I had to sleep on my stomach that night and it was hard to fall asleep. I heard my father reacting to the news on the radio that Edmund Muskie refused to be George McGovern’s running mate against Nixon. The next day Dad took my brothers to the lake and they rented a rowboat. I stayed in the shade at the cabin with Mom and Babushka and read Custer’s Last Stand by Quentin Reynolds. It was the summer of 1972.
The following summer I remember watching a movie at the lake. We brought lawn chairs and sleeping bags. A huge sheet was strung up between the pines. As it got dark we saw bats flying past the screen. I saw my first PG movie that night: The Poseidon Adventure. I was shocked to hear Ernest Borgnine say SOB (although I’d heard my dad say it occasionally). I was 9 years old and my feet froze despite the sleeping bag’s covering. It was the first time I realized that I could not fall asleep no matter how tired I was if my feet were cold. So I was awake to laugh when Eric Shea was trying to figure out how to go to the john when all the toilets were on the ceiling. So many things we see and hear in the world may change but kids will still laugh at potty jokes. It was the summer of 1973 at Pinecrest.
Love your Pinecrest memories, Mike – fantastic detail! Sorry about the sunburn though – ouch! I see a dermatologist every year now, waiting for the ill-gotten tans of my childhood to cause trouble… And I still get caught packing for trips with the mistaken idea that places only get really hot or really cold – not both! My first purchase after going to the Lair was a MUCH warmer sleeping bag! Thanks as always for the wonderful reminiscences!
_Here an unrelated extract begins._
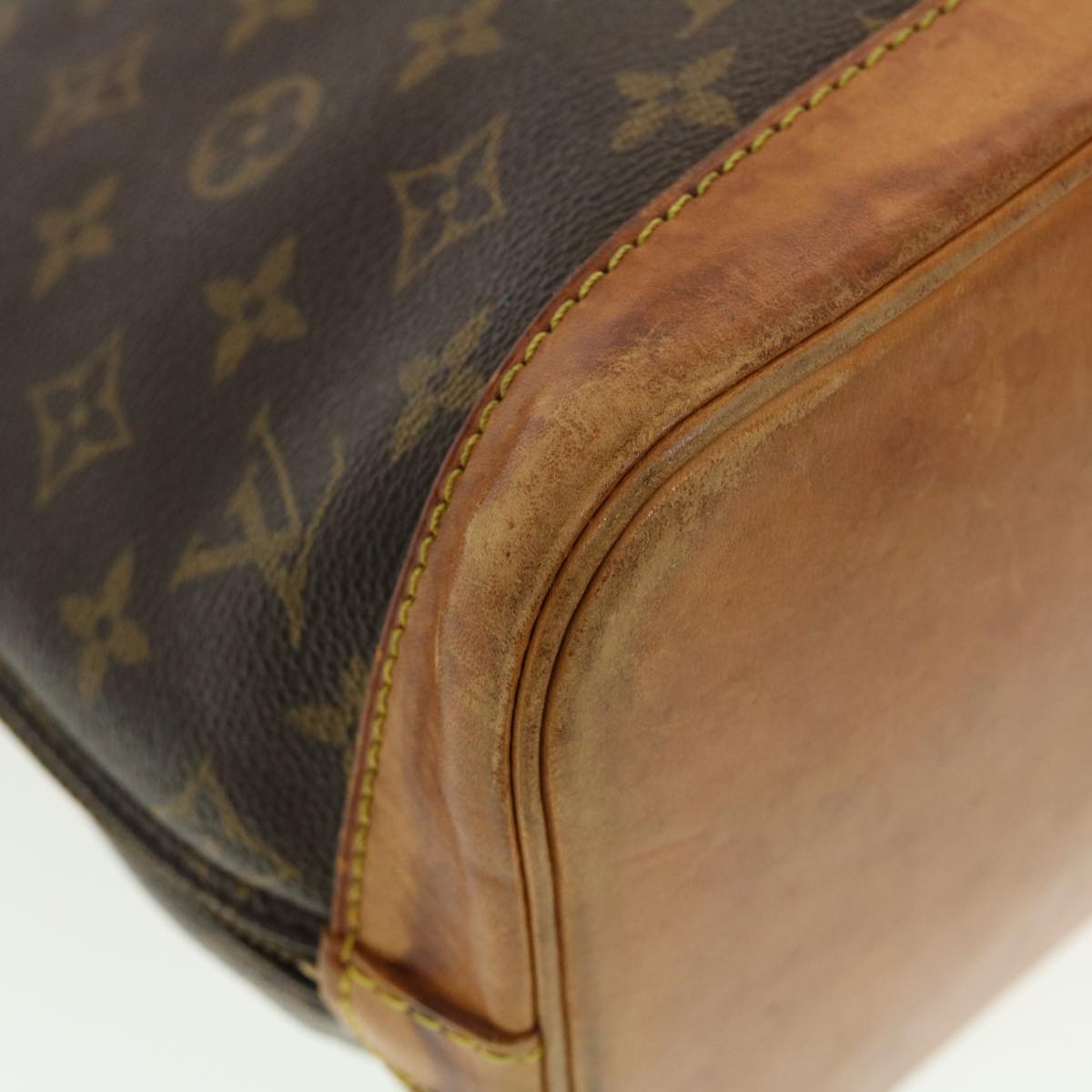 LOUIS VUITTON Monogram Alma Hand Bag M51130 LV Auth 42782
Yes I have always wondered what it would be like to have a summer place, but then we wouldn’t have visited other different places. When I was eight we stayed in a converted railway carriage and once Cyberspouse and my brother and sister-in-law stayed in a railway station part converted into a cottage – it was still a working railway station and also looked out over a large bay where sheep grazed at low tide!
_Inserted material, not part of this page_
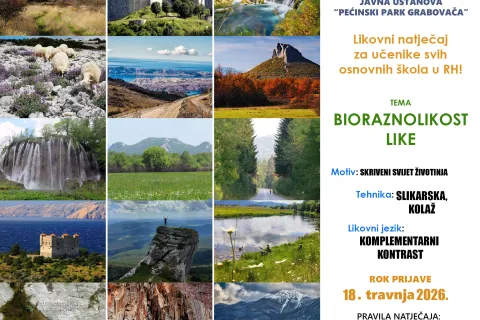 Poziv školama na sudjelovanje u likovnom natječaju o bioraznolikosti Like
We’ll you’ve got me there – I haven’t ever stayed in a railway carriage! Sounds like you agree that one summer place, while romantic somehow, might have limited our overall experiences. Thanks for reading and sharing one of your summer abodes!
Enjoy your summer break!
Many thanks!
Hi Amy, for those with a wanderlust, the past Covid months have been difficult, to say the least. My wife haven’t been over to the USA since 2019, and missing visiting our daughter and family in MN. And the epic roads trips we’ve made exploring your glorious country, as I’ve described in many blog posts. Enjoy your tent cabin break. I think it will be another year before we can fly across The Pond!
Yes, it’s tough to stay put – especially when loved ones are far away… But here’s to your getting back across the Pond for more family time and of course more epic road trips!
What an enchanting place and full of special memories.
Lovely telling 🙂
Best,
Pat
Thanks very much – glad to share it with you!